Work task —
Every entry, from the first line to the last, should be output exactly.
──────── Records provided ────────
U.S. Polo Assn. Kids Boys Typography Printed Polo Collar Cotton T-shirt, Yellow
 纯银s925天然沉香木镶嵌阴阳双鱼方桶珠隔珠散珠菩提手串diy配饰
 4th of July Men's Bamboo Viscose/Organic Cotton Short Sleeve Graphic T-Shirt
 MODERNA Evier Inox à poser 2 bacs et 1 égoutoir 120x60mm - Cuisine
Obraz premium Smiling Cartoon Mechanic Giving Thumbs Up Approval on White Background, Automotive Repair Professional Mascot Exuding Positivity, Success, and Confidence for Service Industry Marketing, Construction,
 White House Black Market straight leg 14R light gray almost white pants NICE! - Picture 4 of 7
────────
Answer area —
U.S. Polo Assn. Kids Boys Typography Printed Polo Collar Cotton T-shirt, Yellow
 纯银s925天然沉香木镶嵌阴阳双鱼方桶珠隔珠散珠菩提手串diy配饰
 4th of July Men's Bamboo Viscose/Organic Cotton Short Sleeve Graphic T-Shirt
 MODERNA Evier Inox à poser 2 bacs et 1 égoutoir 120x60mm - Cuisine
Obraz premium Smiling Cartoon Mechanic Giving Thumbs Up Approval on White Background, Automotive Repair Professional Mascot Exuding Positivity, Success, and Confidence for Service Industry Marketing, Construction,
 White House Black Market straight leg 14R light gray almost white pants NICE! - Picture 4 of 7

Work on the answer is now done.